To borrow a title from Charles Dickens, our Gospel passage today could easily be referred to as “A Tale of Two Cities”.  One city was Samaria, the other Jerusalem.

Both were cities in Israel, but there was deep religious hatred between them because the Jews in Samaria had intermarried with those non-Jews who had conquered them years earlier. Samaria had become a melting pot of different cults and customs.  Jews despised Samaritans as a stain on their country.

To make matters worse, Samaria was geographically situated right in the middle of Israel. If the Northern Jews wanted to travel South, they had to passed through Samaria, which often created hostile situations.  If they went around it, the journey was twice as long.

The other city, Jerusalem, was Jesus’ destiny, the place of his suffering, death, and resurrection.  In our gospel today, Jesus makes that final and decisive turn towards Jerusalem, and in doing so, enters willingly, courageously, and lovingly into totally fulfilling God’s plan of salvation for us.

Our own spiritual lives could be compared to a tale of two cities as well.  There’s both a Samaria and a Jerusalem within each of us.

Samaria is that part of our life where we’re not our best,

  • where life is messy and relationships are strained,
  • where our thoughts and motives sometimes go in the wrong direction.

Samaria is the place in our hearts that needs Jesus’ to pass through it with his healing power and peaceful presence.

The Jerusalem part of our lives is where we desire to be Christ’s faithful followers.  We want to be with Jesus, serve him, and learn from his example that the path to eternal glory and happiness is through suffering.

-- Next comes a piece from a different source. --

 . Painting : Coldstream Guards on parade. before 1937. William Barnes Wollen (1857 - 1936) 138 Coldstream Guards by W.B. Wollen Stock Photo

Today we remember St. Jerome who was born in 345 A.D.  His greatest quality, that Jerusalem part of him, was his desire to study theology after his baptism as a young man in order that his faith could grow.  Seeking a way to get closer to God, he moved to the desert to live the life of a hermit.  In that quiet place, he wrote a series of religious writings.  His greatest work was his translation of the Bible into Latin. This is still, over 2,000 years later, the Church’s official Latin translation of the Bible.  He died in 420 and was declared a Doctor of the Church in 1298.  His most famous quote is: “Ignorance of scripture is ignorance of Christ.”

And what of his Samaritan side?  History tells us that St. Jerome had a very bad temper!  If someone taught an error about God, Jerome went after him with his mighty pen.

As the cities of Samaria and Jerusalem were at odds with one another, we are often at odds within ourselves.  We want to be Christ’s followers, but we don’t always measure up to that ideal.  That is the time we turn to Jesus with trust and ask him to walk with us on our journey.

Finally, may we remember with hope that Scripture tells us even Samaria gave us the Samaritan Woman whose heart was changed, the Good Samaritan who showed great charity, and the one Samaritan leper who returned to give Jesus thanks.